[[ Information given, beginning ]]

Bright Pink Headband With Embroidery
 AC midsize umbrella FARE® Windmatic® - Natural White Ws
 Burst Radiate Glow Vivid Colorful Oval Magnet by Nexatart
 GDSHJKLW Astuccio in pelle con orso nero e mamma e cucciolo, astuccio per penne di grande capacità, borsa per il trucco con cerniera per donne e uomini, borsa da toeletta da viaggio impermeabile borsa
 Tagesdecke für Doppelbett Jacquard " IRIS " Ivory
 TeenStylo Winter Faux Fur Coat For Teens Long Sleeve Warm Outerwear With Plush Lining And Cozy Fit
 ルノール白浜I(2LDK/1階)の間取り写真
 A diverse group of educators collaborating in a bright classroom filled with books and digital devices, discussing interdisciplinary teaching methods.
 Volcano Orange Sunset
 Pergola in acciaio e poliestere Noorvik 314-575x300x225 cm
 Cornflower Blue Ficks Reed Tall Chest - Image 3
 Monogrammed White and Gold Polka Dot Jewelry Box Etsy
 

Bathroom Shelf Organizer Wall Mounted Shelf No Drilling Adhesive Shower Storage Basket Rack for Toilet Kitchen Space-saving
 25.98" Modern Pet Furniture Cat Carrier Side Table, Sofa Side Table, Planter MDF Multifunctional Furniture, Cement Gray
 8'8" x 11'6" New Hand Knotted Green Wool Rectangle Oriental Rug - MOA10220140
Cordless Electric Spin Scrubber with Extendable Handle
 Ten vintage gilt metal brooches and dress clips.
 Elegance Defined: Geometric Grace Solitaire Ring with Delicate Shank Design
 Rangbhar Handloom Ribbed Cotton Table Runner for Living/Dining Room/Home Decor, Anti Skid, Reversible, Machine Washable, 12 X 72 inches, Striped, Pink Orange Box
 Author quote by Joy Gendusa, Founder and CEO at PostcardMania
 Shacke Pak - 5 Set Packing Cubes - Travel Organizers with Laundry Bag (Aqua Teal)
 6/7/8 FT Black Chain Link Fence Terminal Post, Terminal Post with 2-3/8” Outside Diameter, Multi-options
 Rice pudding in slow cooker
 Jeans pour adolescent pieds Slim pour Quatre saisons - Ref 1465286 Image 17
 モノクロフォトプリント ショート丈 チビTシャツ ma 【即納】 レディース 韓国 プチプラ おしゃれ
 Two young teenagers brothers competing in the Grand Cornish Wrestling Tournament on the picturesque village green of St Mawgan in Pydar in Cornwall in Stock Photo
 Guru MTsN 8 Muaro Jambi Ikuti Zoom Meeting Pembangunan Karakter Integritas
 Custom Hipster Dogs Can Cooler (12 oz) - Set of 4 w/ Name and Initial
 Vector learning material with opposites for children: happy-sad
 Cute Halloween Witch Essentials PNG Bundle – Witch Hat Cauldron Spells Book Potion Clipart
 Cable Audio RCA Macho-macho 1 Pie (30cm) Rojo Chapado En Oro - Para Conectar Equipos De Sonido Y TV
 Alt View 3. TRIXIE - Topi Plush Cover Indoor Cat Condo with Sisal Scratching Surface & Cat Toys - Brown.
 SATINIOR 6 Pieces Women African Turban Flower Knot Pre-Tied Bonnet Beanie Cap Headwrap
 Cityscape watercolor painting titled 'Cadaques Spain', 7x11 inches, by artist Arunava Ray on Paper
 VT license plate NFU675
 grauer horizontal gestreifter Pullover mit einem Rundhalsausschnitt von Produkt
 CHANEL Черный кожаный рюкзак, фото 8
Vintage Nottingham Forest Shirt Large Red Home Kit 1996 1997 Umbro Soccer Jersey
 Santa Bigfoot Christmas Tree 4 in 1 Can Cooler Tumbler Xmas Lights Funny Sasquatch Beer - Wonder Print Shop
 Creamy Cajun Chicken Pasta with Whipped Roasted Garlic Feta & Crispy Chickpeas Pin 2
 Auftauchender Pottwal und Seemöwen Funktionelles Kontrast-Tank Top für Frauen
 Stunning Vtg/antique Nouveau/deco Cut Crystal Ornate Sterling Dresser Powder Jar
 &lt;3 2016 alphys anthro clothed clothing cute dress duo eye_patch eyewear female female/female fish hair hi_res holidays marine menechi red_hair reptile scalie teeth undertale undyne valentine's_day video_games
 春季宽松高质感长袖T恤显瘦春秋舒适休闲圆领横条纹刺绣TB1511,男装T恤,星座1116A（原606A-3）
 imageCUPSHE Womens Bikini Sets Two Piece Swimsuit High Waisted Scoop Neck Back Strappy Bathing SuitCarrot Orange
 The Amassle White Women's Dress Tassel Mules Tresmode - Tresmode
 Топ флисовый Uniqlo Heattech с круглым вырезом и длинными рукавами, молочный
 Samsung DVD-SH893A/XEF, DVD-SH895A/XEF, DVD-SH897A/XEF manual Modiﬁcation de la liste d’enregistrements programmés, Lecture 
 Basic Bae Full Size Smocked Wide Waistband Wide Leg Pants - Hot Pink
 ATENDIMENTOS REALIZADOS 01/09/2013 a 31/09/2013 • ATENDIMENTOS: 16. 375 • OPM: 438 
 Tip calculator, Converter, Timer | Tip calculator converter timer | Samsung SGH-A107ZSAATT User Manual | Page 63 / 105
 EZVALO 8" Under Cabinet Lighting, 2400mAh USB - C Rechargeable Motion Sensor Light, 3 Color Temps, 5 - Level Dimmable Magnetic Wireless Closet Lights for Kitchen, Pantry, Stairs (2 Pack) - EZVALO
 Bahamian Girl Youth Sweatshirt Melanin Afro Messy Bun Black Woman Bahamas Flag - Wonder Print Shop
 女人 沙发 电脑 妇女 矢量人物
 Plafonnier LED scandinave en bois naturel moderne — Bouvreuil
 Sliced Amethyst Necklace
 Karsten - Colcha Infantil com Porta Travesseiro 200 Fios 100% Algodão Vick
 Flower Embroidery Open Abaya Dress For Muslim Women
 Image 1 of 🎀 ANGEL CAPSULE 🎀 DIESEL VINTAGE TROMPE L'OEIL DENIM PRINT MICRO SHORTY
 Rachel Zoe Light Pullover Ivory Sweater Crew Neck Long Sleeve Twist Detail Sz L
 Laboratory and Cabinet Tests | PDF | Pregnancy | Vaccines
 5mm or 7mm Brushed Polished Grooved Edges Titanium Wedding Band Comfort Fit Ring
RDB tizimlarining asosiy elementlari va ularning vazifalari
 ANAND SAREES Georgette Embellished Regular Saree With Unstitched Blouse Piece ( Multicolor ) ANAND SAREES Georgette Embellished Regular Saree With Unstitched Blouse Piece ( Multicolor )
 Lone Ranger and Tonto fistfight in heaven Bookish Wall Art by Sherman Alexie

[[ Information given, end ]]

Work instructions
Scan the material above. Copy each line where "Cooler" occurs.

Written response
 Custom Hipster Dogs Can Cooler (12 oz) - Set of 4 w/ Name and Initial
 Santa Bigfoot Christmas Tree 4 in 1 Can Cooler Tumbler Xmas Lights Funny Sasquatch Beer - Wonder Print Shop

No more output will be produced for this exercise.